If we have K_n denote the complete graph on n vertices, can any one explain to me how to know how many substructures does K_n have?
And what does ⊂ mean when applied to two structures? After all, structures are not just sets; they are tuples consisting of the domain together with functions and/or relations. Therefore, the regular concept of set inclusion cannot be applied to structures, and a specific definition is needed.If N is a structure, then M ⊂ N means that M is a substructure of N.
According to Wikipedia, M is a substructure of N if the domain of M is a subset of the domain of N and the relations of M are the corresponding relations of N restricted to the domain of M. A subgraph is a not necessarily a substructure because it may fewer edges than what is inherited from the large graph.
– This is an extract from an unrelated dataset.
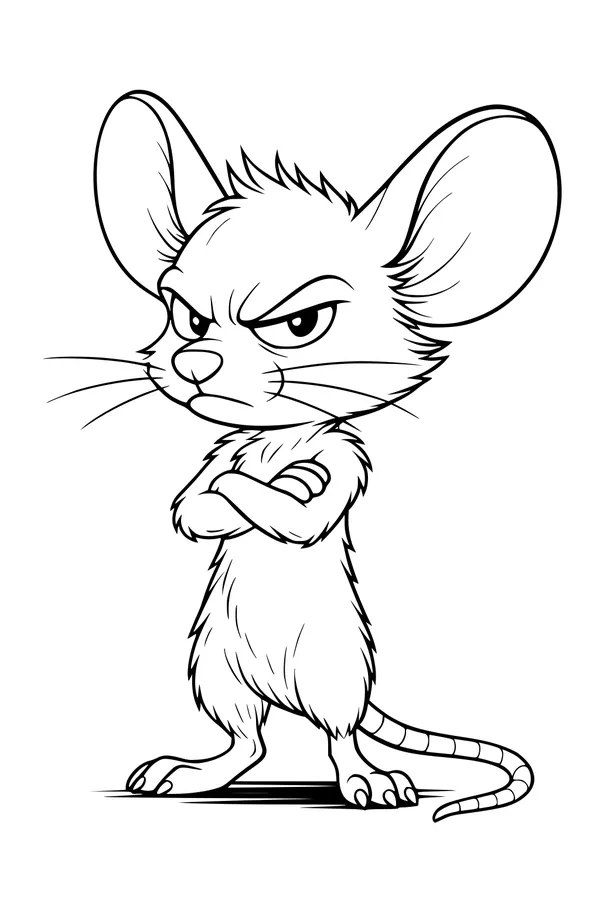 Free Mouse Coloring Page - Fierce Cartoon Mouse With Crossed Arms (Printable PDF)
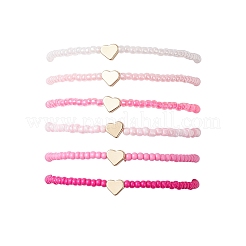 6шт 6-х цветные стеклянные бусины эластичные браслеты BJEW-MZ00227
Subgraphs are called weak substructures. So, a relevant question about this problem is, are we talking about regular or weak substructures? Or what is the definition of a substructure?
If we have $\displaystyle N$ vertices then $\displaystyle \mathcal{K}_N$ has $\displaystyle \dbinom{N}{2}$ edges.
There are $\displaystyle \displaystyle 2^{\binom{N}{2}}$ possible subgraphs of $\displaystyle \mathcal{K}_N$.
(That counts the empty-edge subgraph).
Would tell us what textbook you are following?
I answered a Graph Theory problem.
I have no idea how that relates to mathematical logic. You seem to refuse to answer a simple question about the text material. If you tell us about the textbook, one of us may have a better idea as to what you are doing. Until then, I done with it.